Orchestral keys at a snail’s pace accompany the sparse yet crushing riff and drums of ‘A Reverie (Midsummer’s Dying Throes)’, the flattening qualities of the bridges when everything collides together, both awe-striking and ominous, Anssi Mäkinen‘s voice a crawling, seeping growl to terrify the hardiest soul. It is tolling and metronomic with an affecting organ solo a striking, mournful interlude which lingers and carries a titanic beat and riff, that builds the drama, the emotion and the oppression, yet never changing pace. It’s impossible to convey just how staggeringly effective this is, which is remarkable when you consider that there are periods when it seems as if nothing happens.
The reverberating chant of ‘Dead Are Our Leaves of Autumn’, delivered as if from God on high, is so gentle yet resonant as to caress the mind whilst cracking you in the face.
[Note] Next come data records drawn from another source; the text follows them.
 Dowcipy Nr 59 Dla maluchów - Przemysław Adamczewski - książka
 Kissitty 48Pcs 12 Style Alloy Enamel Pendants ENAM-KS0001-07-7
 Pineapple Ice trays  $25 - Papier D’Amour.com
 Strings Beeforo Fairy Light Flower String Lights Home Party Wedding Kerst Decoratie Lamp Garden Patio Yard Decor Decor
Mäkinen’s doleful tones induce paradoxical feelings of misery and euphoria whilst initially understated lead work soon becomes the centrepiece escalating to stunningly emotive levels, imitating gulls on a barren shore à la Marillion’s Steve Rothery. It is an exercise in precision and control, yet feels as organic as the Yorkshire moors – harsh, desolate, yet staggeringly beautiful.
As the life cycle ends with the tolling, effortless yet pounding closer ‘The Dire Womb of Winter’, creeping with the speed and stealth of a hunting cat, it really does echo the seasonal despair’; portentous, weighty, and shudderingly affecting despite the occasionally soporific pace. A spearing riff shoots forth at intervals to prevent sleep, and replace the weight in slow motion. Yet when the keys begin to build to the crescendo there’s the slightest quickening, a lifting of mood. A rebirth…?
The disaffected listener who craves more action, the quick hit, is already dead inside. The clue is in the description: life affirming whilst lamenting the sadness of it, this is another winner from Svart.